WORK TASK:
Leave out the pictures and repeat exactly the lines from the one containing "NWT Cream, sweatshirt jacket" through the end of the records.

RECORDED INFORMATION:
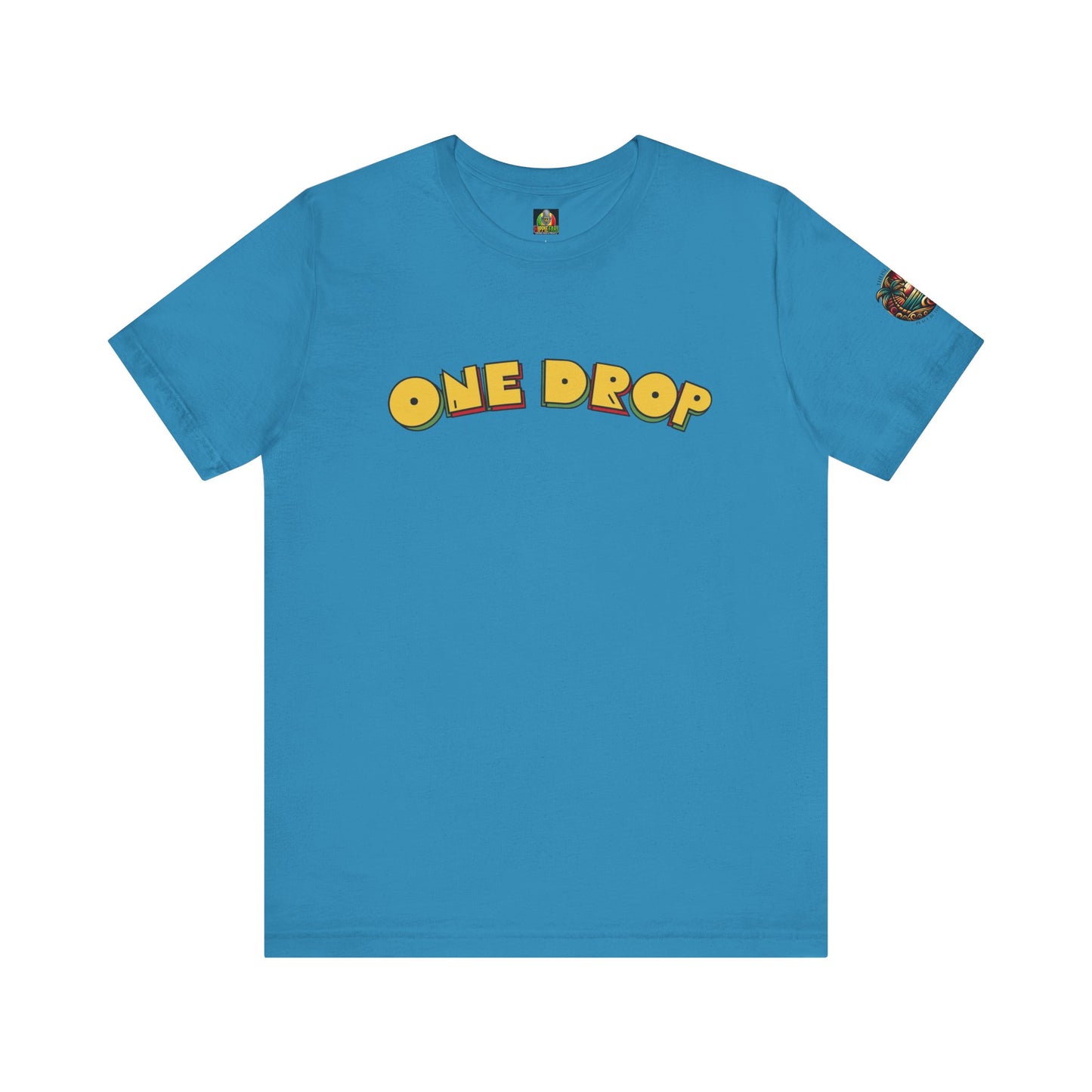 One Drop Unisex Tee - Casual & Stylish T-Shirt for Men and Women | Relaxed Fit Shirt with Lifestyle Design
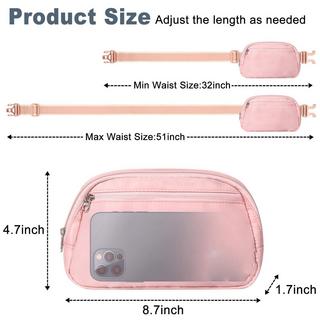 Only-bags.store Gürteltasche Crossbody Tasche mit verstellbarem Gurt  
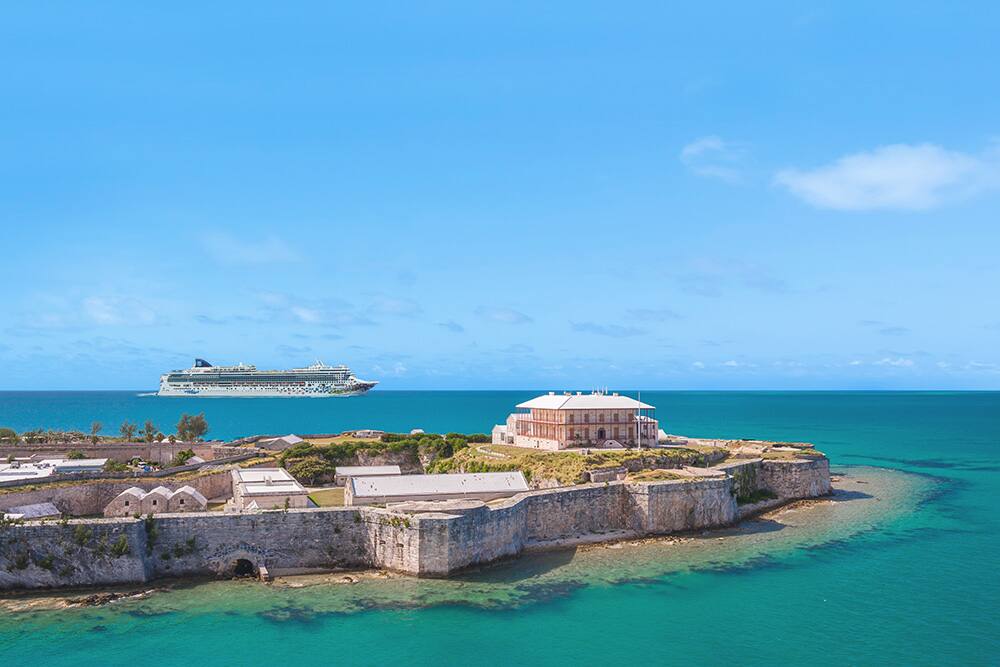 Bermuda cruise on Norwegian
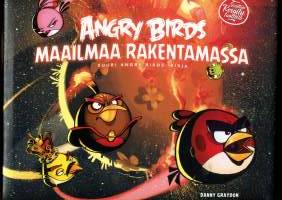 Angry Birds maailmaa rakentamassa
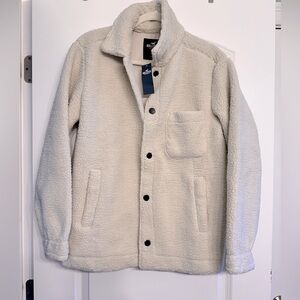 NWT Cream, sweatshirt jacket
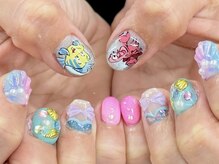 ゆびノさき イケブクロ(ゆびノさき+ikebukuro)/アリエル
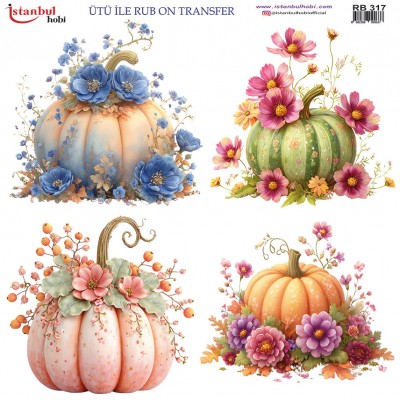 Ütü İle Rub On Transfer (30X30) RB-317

SOLUTION TO THIS PROBLEM:
 NWT Cream, sweatshirt jacket
 ゆびノさき イケブクロ(ゆびノさき+ikebukuro)/アリエル
 Ütü İle Rub On Transfer (30X30) RB-317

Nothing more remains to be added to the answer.